In a leaky, drafty former VFW hall on Milwaukee’s northwest side, Pastor Gerald Saffold is busy rebuilding civil society. Of course, that’s not how he would describe what he’s doing. He would say that he’s bringing souls to Christ—using his gift for music to draw inner-city teens into his “Unity in the Community” Choir, where former gang leaders and drug dealers help him write the songs and choreograph the dances they then perform all over the city.
Nonetheless, here is an unmistakable act of civic renewal, and under the least hospitable circumstances imaginable. Where before there were inner-city gangs of radically alienated, angry teens, there is emerging today a cohesive community, united in common endeavor, mutually developing skills of cooperation, leadership, and citizenship.

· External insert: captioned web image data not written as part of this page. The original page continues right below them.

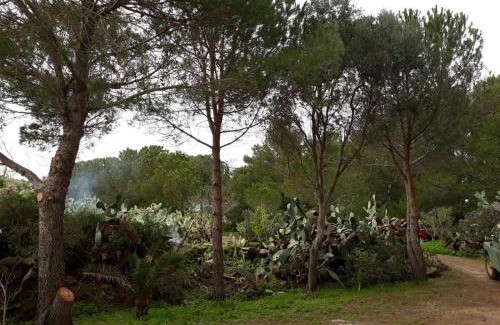 Ustica House | Casa Nicoletta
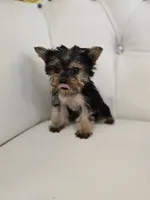Tiny Sue, a female Yorkshire Terrier for sale in Forney, TX – 3 of 5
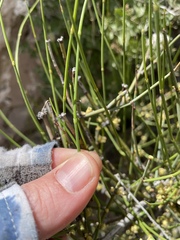 Ephedra aspera, photograph (c) Martin Purdy, some rights reserved (CC BY)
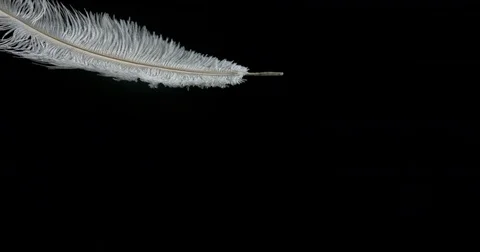 White Feather Falling against Black Background, Normandy, Slow Motion 4K Stock Footage 75981676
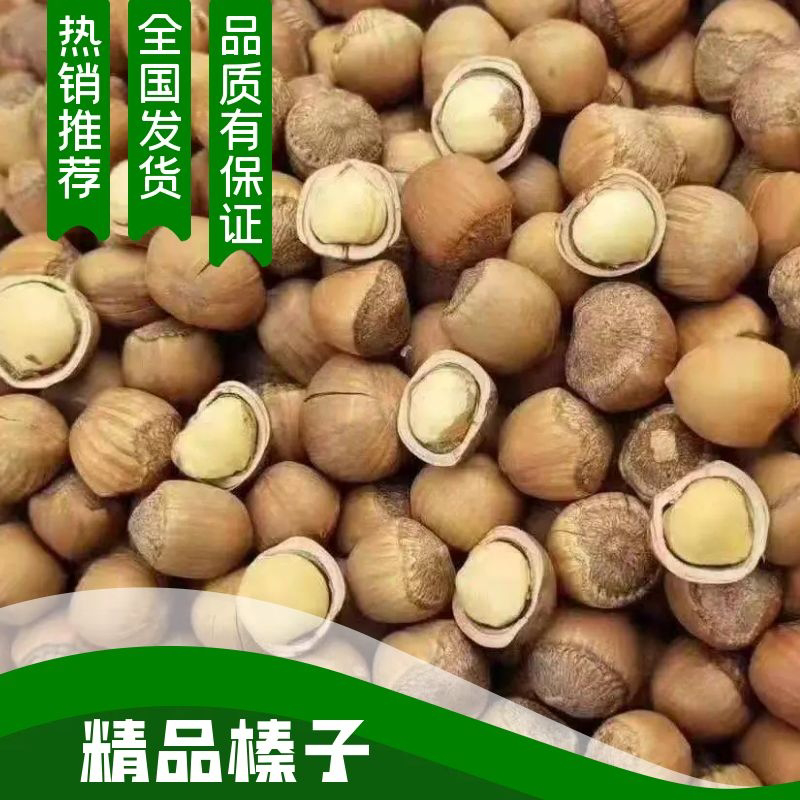 精品小榛子产地直发量大从优欢迎咨询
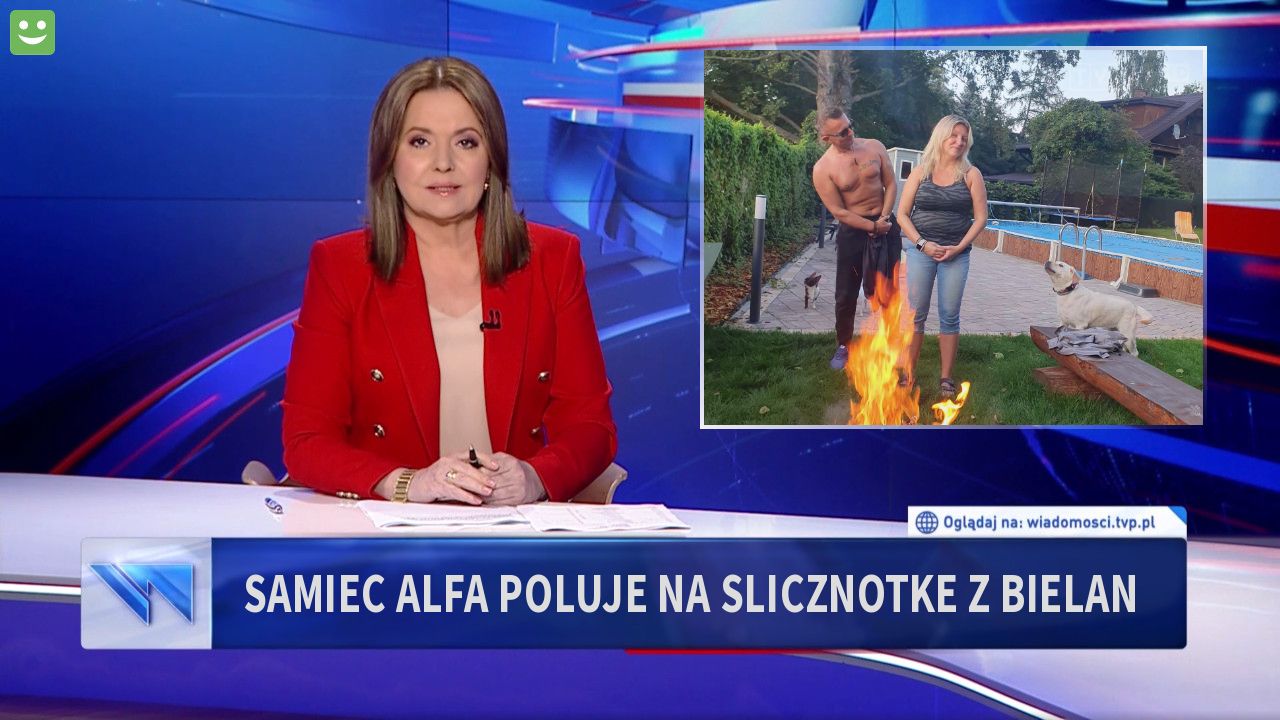 Samiec alfa poluje na Slicznotke z Bielan 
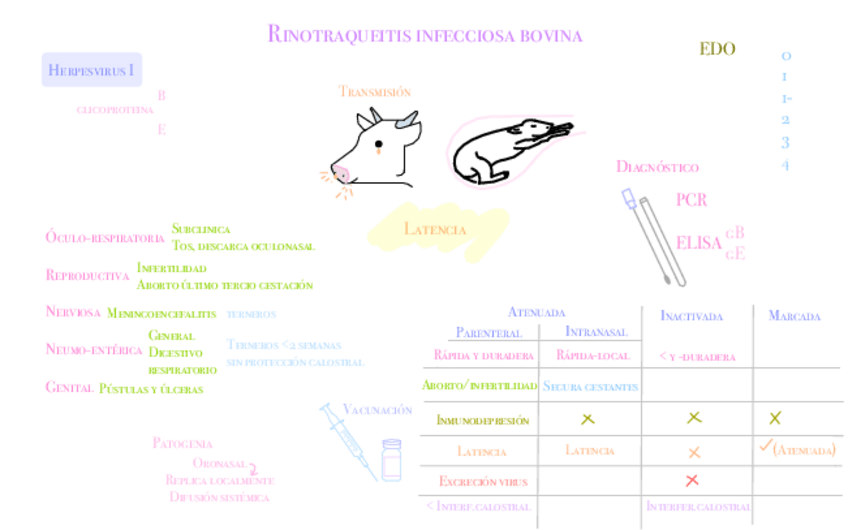 Miniatura del documento Infecciosas-bovino.pdf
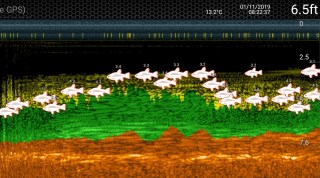 screenshot_20191101-085737_deeper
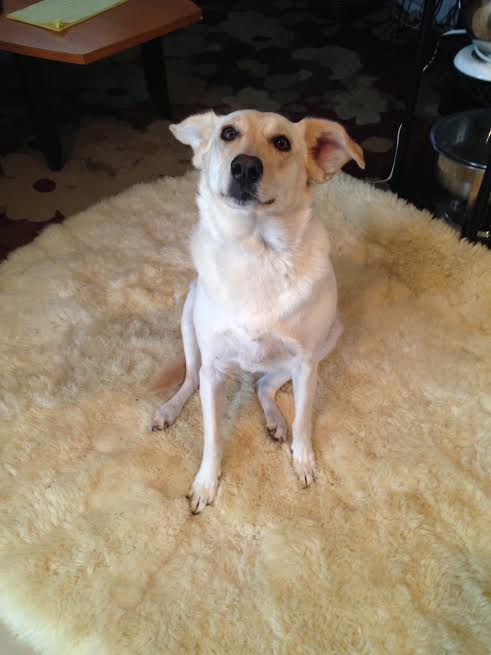 Dog enjoying home-style care at House of Paws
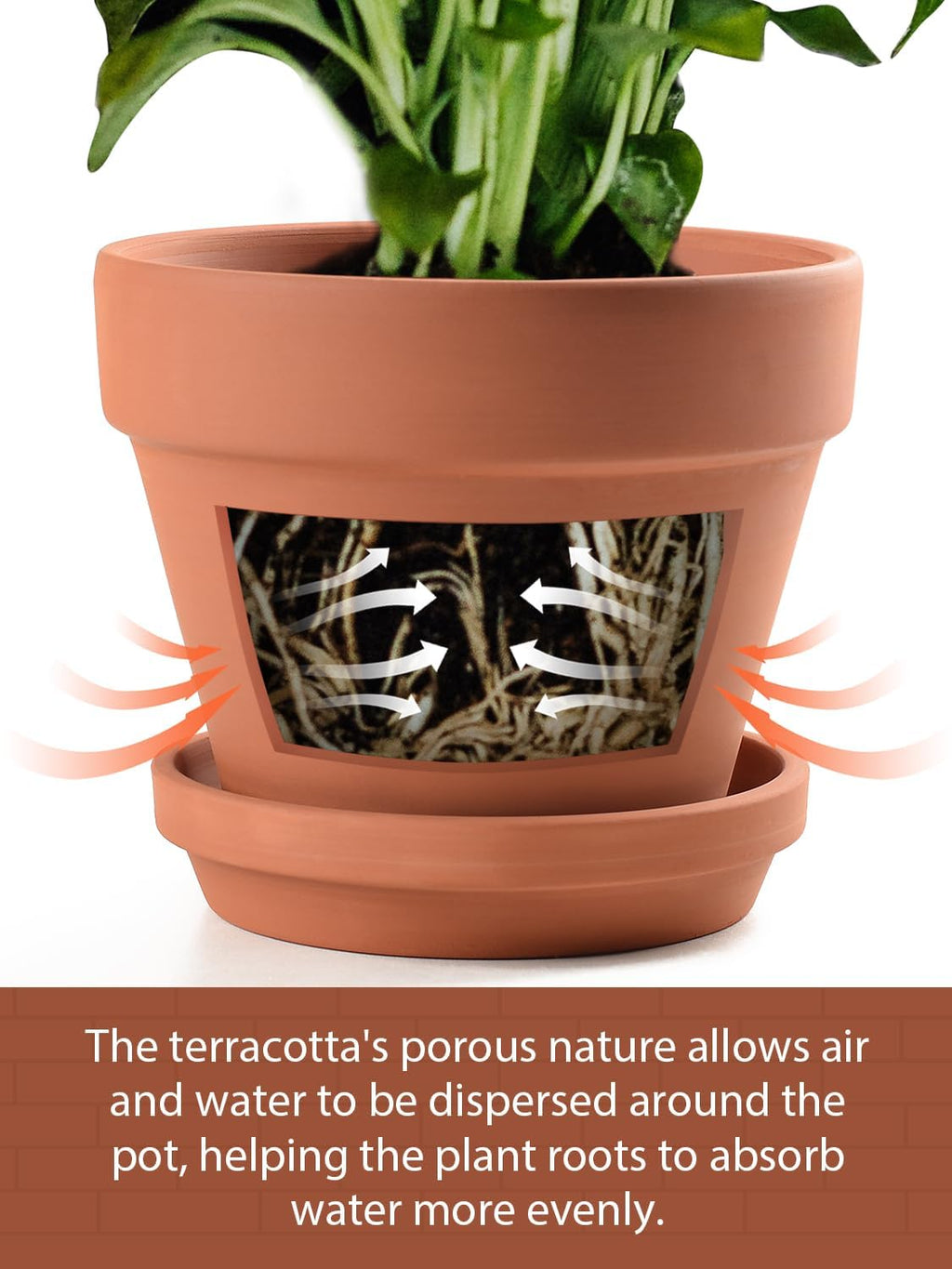 INGOFIN Terracotta Pots Set with Saucer - 5/6/7 inch Ceramic Clay Planters with Drainage Hole, Garden Flower Succulent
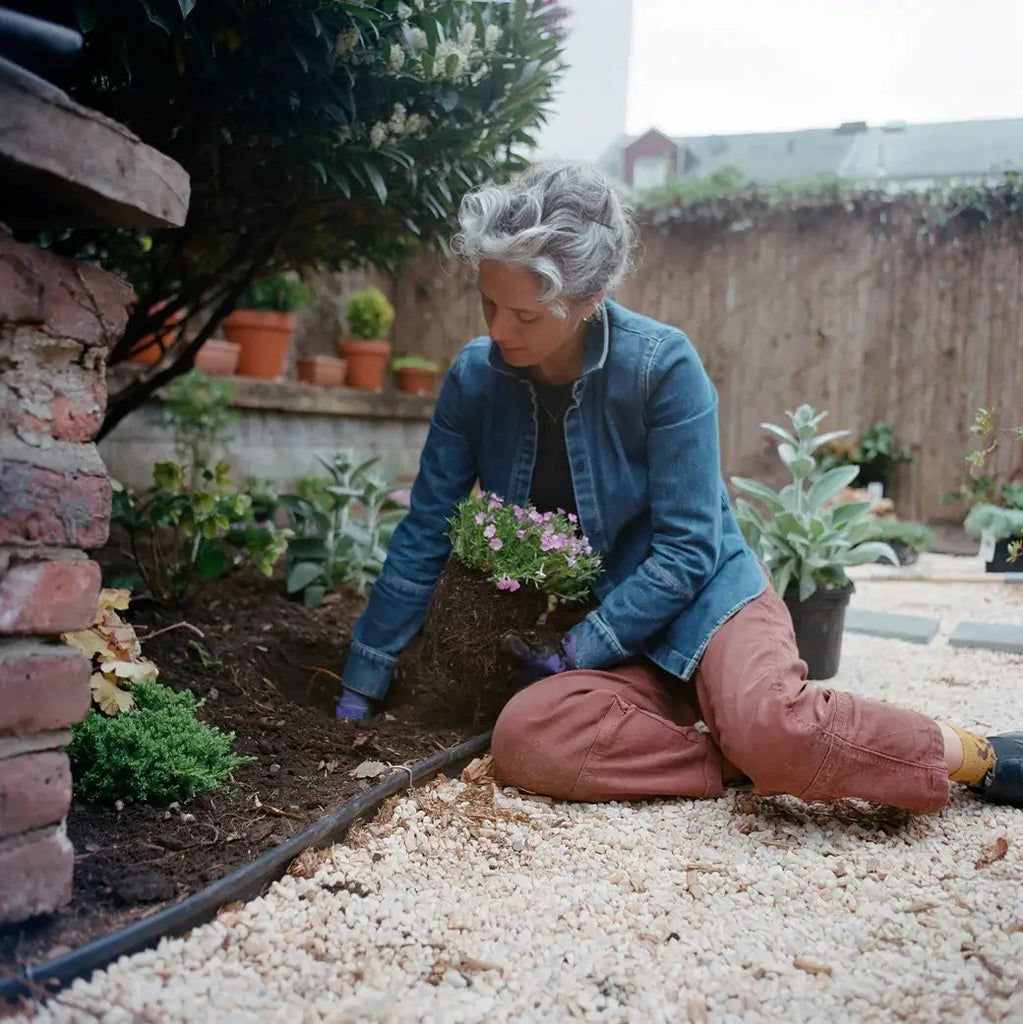 Woman planting flowers in an outdoor garden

Yet, sadly, we as a society do not seem inclined to celebrate this simple gospel choir as a significant civic event. (And this, ironically, in the very face of Professor Robert Putnam’s now famous discovery of the link between active choral societies and civic health.) Instead, we seem to be scanning the horizon for larger countrywide movements, for a sweetening of our collective national mood, a restoration of national cohesiveness.
How did we arrive at this preoccupation with national cohesiveness? That is the story of the idea of national community—the central concept and overriding goal of 20th-century American progressive liberalism. Early in the 20th century, our leading political intellectuals—foremost among them Walter Lippmann, Herbert Croly, and John Dewey—concluded that the forces of modernity were rapidly and irretrievably eroding the traditional institutions of civil society. Within such institutions—small towns, churches, neighborhoods, and ethnic and religious groups—Americans had traditionally governed themselves, established and preserved their own vigorous moral and religious cultures, cared for their most vulnerable, and met the human yearning for community.
But now, the progressives warned, the boundaries of these “island communities” had been hopelessly ruptured by modern technologies—the railroad, telegraph, telephone, the high-speed press, the corporation. These same technologies, however, made possible a new and dramatically improved form of community—the great national community. Elaborate communications and transportation networks would pull the nation together even as they pulled the village apart. And the emerging social sciences would tame the disintegrative sociological and psychological effects of modernity, once enough experts in government, business, and the nonprofit sector were trained in them and organized into the imposing bureaucracies that would now “scientifically manage” all human affairs.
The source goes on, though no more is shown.